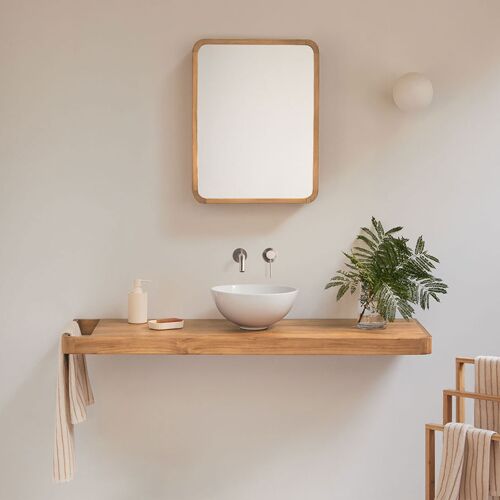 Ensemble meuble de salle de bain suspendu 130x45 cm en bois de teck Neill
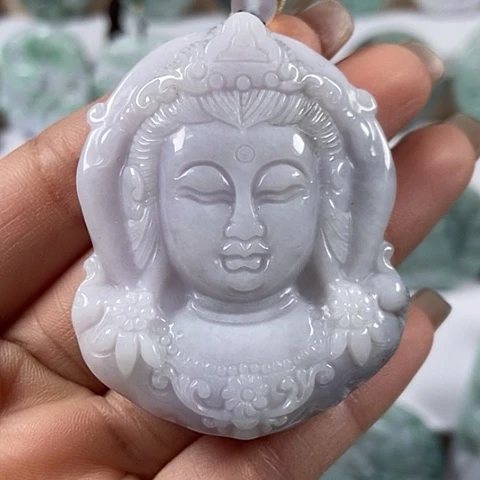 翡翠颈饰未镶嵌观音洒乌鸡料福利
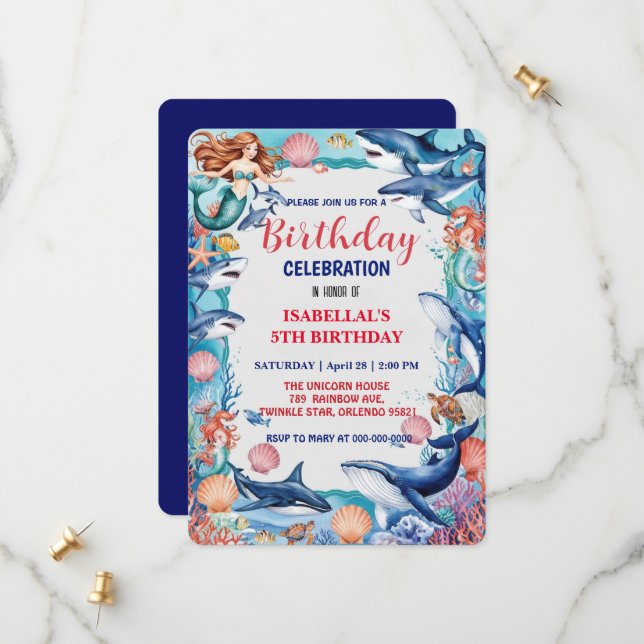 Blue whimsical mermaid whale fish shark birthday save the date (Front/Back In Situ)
################
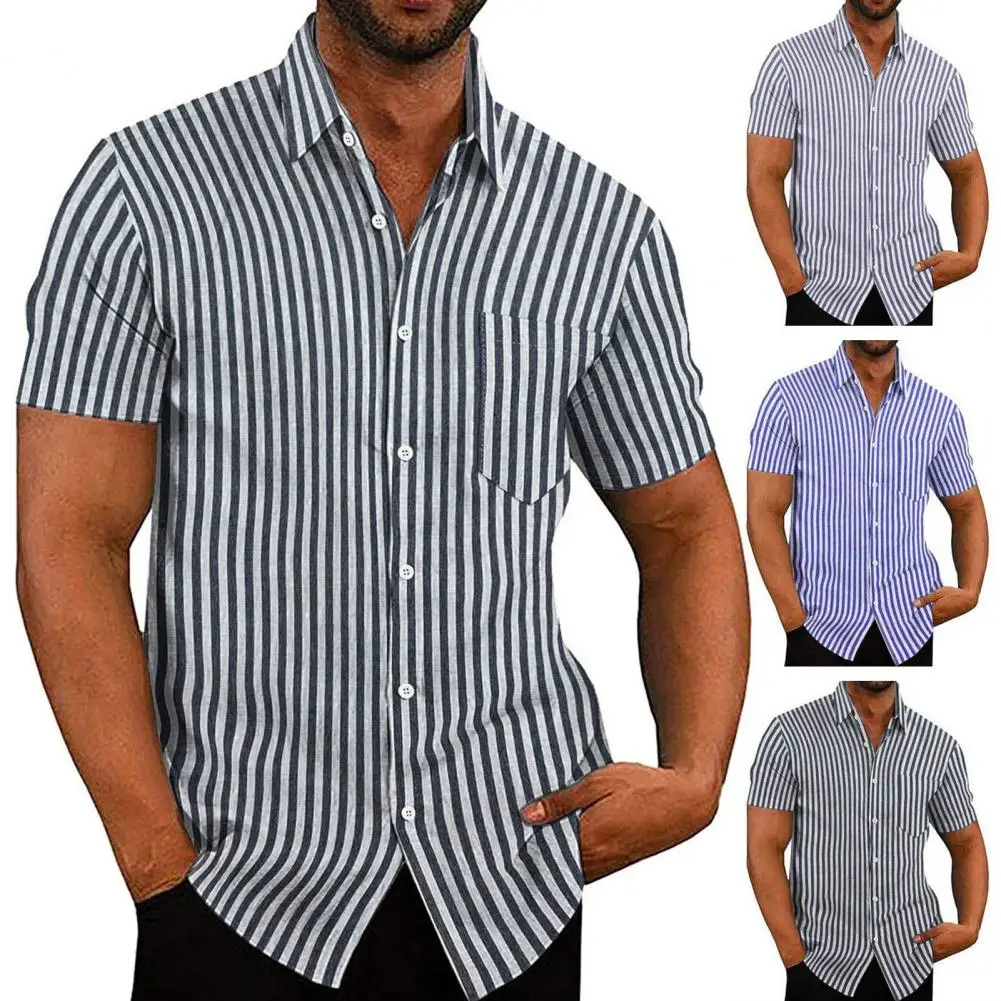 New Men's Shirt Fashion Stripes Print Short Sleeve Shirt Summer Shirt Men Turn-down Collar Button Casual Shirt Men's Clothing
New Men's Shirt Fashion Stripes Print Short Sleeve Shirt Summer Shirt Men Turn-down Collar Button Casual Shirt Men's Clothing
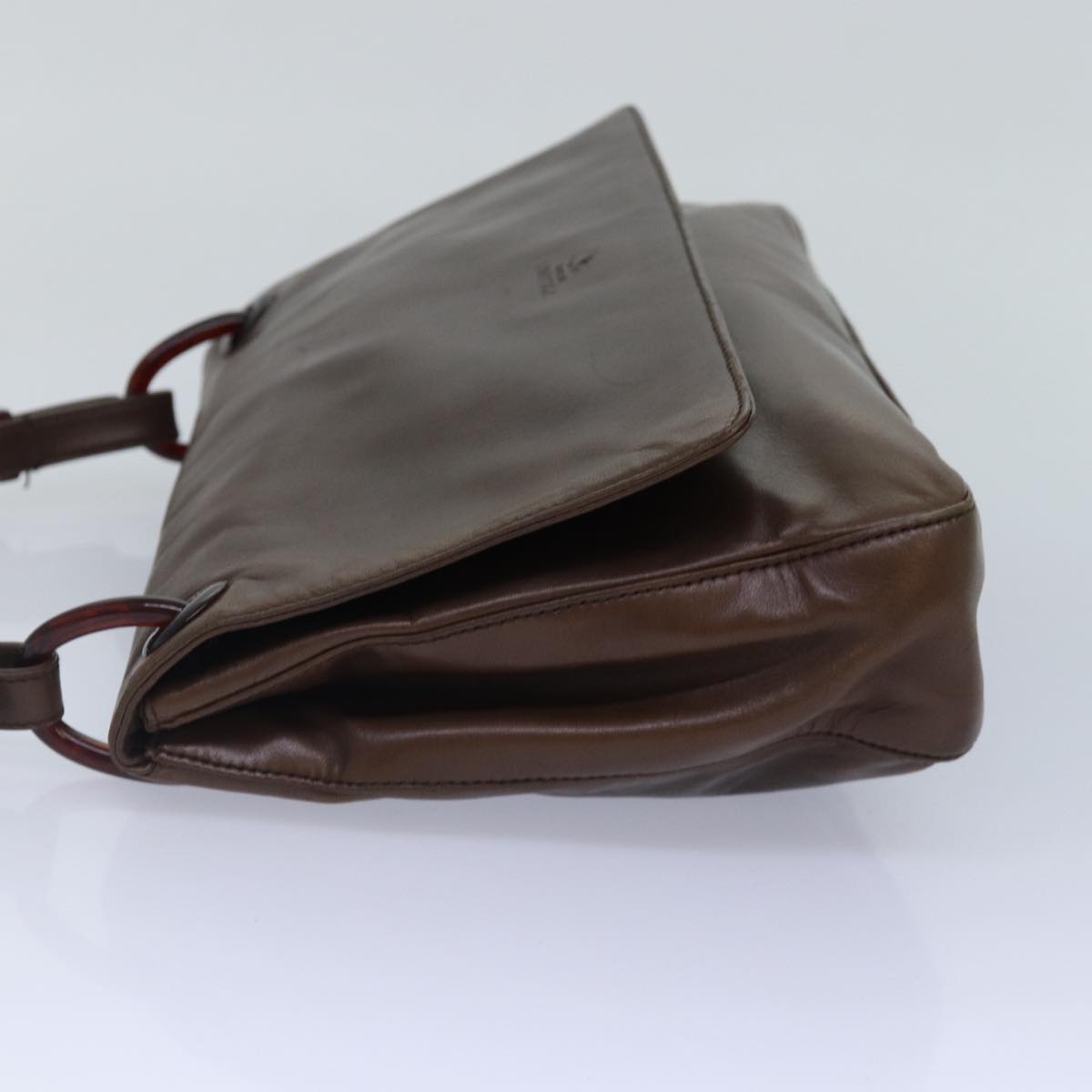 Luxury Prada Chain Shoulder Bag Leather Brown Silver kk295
################
HOW TO COMPLETE THIS TASK.
Give again the stretch of lines above from the one with "Ensemble meuble de" through the one with "Blue whimsical mermaid", both ends kept, and copy no pictures.

TASK ANSWER.
 Ensemble meuble de salle de bain suspendu 130x45 cm en bois de teck Neill
 翡翠颈饰未镶嵌观音洒乌鸡料福利
 Blue whimsical mermaid whale fish shark birthday save the date (Front/Back In Situ)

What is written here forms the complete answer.